__TASK OBJECTIVE__
A verbatim reproduction of the lines below, from the line containing "Scoring a cross" through the line containing "A close detail", both ends included, is the whole required output.

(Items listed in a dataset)

=== Begin Enclosure ===

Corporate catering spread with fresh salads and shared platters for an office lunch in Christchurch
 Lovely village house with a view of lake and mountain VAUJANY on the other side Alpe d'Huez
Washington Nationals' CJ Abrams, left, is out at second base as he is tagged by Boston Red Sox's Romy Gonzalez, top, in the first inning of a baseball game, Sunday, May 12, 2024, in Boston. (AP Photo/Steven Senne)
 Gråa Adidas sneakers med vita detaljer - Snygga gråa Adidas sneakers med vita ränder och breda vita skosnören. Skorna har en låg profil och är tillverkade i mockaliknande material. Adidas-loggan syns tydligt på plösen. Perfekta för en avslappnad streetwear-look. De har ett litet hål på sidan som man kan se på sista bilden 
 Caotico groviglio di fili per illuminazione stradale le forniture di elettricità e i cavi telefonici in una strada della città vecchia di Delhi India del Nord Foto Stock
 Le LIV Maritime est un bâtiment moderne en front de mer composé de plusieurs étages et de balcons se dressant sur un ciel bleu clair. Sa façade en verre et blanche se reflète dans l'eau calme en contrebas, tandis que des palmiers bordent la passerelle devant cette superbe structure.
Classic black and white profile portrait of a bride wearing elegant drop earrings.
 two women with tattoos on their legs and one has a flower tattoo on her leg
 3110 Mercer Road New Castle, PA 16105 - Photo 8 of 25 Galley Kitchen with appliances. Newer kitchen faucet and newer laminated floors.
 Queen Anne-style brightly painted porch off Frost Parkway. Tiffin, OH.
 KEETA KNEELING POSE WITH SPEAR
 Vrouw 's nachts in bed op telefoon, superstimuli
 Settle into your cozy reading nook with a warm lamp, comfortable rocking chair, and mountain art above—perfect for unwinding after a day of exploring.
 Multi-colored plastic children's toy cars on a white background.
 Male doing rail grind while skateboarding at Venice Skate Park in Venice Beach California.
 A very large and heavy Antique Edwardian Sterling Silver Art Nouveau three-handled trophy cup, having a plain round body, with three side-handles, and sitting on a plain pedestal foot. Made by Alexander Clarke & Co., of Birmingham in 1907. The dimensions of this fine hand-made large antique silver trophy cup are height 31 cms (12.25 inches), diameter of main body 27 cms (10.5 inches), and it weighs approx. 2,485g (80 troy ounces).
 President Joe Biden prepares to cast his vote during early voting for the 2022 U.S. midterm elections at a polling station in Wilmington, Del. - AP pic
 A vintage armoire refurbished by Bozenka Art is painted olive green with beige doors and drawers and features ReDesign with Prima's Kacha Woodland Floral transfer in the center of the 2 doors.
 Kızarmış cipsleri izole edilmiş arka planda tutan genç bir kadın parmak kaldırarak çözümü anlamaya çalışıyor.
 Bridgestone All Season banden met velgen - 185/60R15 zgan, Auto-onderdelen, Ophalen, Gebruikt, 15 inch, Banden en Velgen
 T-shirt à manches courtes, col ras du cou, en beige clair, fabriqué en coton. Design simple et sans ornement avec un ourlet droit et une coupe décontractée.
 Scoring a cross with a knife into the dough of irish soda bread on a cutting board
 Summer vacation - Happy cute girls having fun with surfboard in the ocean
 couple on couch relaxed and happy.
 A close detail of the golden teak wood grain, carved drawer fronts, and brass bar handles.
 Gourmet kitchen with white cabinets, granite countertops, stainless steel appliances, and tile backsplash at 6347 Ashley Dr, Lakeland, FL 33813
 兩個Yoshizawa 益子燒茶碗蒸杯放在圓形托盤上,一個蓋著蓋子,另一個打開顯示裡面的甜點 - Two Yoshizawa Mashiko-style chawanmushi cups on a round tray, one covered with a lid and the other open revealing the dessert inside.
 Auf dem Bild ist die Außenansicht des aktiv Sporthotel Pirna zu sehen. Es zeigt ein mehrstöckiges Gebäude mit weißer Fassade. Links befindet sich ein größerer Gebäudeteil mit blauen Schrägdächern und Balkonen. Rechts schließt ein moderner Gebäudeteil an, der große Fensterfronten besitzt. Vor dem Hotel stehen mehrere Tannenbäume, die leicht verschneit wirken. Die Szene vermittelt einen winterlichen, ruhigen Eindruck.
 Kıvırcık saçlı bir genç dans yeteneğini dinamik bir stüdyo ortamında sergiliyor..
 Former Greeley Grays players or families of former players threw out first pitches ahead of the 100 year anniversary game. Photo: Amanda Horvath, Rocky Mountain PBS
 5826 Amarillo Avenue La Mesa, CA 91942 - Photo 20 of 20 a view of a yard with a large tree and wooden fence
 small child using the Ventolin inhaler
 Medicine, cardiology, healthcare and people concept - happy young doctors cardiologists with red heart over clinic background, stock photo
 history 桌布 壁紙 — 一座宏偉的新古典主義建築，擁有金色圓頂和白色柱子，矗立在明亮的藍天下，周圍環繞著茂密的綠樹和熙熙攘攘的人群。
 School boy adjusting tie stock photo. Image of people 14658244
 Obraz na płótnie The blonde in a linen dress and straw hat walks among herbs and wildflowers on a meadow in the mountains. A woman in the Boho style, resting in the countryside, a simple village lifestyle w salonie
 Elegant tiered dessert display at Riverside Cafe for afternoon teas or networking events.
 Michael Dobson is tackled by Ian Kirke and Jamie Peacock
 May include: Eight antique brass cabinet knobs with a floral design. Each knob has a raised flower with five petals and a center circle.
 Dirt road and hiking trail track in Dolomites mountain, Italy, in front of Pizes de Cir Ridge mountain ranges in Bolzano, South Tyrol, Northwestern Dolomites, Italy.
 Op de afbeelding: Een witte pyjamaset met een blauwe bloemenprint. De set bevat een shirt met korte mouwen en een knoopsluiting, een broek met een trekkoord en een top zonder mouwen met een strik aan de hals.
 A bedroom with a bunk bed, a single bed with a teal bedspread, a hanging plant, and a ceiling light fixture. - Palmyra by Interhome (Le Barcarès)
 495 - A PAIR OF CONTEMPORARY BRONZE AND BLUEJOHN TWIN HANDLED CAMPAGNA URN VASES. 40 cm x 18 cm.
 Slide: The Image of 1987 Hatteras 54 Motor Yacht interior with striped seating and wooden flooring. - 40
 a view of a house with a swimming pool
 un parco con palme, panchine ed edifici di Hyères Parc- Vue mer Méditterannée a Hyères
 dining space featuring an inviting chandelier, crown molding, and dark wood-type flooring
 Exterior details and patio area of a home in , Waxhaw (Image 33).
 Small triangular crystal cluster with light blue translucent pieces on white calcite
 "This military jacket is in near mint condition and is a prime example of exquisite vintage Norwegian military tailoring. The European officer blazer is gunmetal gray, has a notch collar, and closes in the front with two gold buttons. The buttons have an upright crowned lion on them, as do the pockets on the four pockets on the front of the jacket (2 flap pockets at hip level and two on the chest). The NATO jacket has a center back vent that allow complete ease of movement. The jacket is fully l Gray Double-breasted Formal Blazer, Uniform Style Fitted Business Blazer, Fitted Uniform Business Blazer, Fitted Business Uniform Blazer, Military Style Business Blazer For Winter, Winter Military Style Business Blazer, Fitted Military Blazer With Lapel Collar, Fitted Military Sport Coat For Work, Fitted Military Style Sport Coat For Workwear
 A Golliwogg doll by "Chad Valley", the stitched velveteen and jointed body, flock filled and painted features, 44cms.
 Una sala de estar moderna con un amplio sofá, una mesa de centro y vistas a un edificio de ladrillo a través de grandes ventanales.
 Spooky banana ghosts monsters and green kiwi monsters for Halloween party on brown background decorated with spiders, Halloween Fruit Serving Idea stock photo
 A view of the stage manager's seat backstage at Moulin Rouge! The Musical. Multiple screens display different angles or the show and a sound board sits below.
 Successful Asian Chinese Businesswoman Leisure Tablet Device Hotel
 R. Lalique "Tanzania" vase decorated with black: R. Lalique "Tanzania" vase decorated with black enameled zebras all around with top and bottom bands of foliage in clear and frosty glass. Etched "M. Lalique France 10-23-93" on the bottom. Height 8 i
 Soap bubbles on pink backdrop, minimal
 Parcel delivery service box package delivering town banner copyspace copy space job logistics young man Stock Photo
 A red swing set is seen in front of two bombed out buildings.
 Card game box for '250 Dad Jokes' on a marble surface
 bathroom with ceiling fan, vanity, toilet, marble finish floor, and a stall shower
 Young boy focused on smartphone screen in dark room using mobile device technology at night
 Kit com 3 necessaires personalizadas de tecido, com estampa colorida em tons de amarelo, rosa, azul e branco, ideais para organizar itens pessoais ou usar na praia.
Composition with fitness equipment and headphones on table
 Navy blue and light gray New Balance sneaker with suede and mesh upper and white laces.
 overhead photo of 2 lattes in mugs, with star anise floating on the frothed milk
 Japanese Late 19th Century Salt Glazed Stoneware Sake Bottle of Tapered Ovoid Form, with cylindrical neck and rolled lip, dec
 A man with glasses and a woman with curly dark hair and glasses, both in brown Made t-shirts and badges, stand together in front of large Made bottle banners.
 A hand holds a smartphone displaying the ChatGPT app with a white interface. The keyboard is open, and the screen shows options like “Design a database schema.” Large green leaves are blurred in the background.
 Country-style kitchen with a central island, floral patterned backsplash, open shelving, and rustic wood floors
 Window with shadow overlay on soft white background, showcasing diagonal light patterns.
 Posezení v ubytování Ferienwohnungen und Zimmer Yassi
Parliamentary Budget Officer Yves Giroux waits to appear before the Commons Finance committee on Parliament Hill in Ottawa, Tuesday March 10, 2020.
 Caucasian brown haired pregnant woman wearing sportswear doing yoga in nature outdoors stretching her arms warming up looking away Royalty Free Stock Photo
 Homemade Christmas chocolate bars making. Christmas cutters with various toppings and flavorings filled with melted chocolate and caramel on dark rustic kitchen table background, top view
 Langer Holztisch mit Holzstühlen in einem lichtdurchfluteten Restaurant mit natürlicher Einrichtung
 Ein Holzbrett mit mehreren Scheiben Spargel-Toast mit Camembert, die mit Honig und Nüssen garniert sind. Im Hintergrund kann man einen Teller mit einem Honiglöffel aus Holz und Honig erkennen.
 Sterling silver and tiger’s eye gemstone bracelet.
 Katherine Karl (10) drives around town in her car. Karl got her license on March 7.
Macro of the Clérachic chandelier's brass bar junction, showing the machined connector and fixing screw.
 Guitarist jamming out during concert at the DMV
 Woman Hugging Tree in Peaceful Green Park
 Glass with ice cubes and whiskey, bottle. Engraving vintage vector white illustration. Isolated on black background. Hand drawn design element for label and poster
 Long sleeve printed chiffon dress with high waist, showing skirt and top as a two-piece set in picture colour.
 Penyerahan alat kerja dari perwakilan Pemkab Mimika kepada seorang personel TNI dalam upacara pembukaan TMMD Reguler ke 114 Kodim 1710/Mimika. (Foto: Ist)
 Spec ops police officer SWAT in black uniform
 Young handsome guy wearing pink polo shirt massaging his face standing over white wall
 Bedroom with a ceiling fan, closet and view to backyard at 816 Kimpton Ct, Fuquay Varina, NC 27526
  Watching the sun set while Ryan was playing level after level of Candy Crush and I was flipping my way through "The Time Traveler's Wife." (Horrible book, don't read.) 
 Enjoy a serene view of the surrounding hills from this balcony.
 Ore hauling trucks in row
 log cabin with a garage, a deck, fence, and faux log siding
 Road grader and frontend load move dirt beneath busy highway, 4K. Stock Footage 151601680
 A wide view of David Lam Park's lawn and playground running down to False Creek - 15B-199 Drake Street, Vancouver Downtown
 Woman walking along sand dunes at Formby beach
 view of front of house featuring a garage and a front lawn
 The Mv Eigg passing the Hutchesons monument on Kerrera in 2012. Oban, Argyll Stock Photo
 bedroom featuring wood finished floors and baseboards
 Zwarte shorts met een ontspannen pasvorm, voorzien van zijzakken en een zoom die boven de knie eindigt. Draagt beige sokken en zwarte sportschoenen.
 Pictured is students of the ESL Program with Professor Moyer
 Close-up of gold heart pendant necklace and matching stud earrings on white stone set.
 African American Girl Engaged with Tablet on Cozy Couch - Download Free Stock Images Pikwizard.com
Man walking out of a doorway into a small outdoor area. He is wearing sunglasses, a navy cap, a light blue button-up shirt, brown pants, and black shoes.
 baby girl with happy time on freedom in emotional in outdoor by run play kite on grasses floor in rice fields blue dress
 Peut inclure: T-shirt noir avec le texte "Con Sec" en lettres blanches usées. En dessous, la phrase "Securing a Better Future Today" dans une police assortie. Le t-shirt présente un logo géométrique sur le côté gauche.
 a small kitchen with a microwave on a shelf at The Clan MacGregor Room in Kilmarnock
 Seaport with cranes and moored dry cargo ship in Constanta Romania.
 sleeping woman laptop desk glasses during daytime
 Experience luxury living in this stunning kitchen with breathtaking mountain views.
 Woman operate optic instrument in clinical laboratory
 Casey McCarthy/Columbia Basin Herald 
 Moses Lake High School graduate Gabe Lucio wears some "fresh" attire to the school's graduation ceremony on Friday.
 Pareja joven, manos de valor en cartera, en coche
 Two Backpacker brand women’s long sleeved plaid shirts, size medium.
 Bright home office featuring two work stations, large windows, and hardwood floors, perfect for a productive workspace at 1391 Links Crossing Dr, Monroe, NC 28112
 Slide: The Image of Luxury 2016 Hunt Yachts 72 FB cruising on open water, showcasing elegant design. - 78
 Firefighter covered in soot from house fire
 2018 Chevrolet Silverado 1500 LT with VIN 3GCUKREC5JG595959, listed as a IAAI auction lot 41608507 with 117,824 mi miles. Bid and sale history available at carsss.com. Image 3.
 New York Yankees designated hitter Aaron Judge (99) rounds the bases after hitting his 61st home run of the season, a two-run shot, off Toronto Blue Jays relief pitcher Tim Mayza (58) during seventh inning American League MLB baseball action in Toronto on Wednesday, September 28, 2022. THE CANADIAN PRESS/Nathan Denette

=== End Enclosure ===

__OUTPUT FOR THIS TASK__
 Scoring a cross with a knife into the dough of irish soda bread on a cutting board
 Summer vacation - Happy cute girls having fun with surfboard in the ocean
 couple on couch relaxed and happy.
 A close detail of the golden teak wood grain, carved drawer fronts, and brass bar handles.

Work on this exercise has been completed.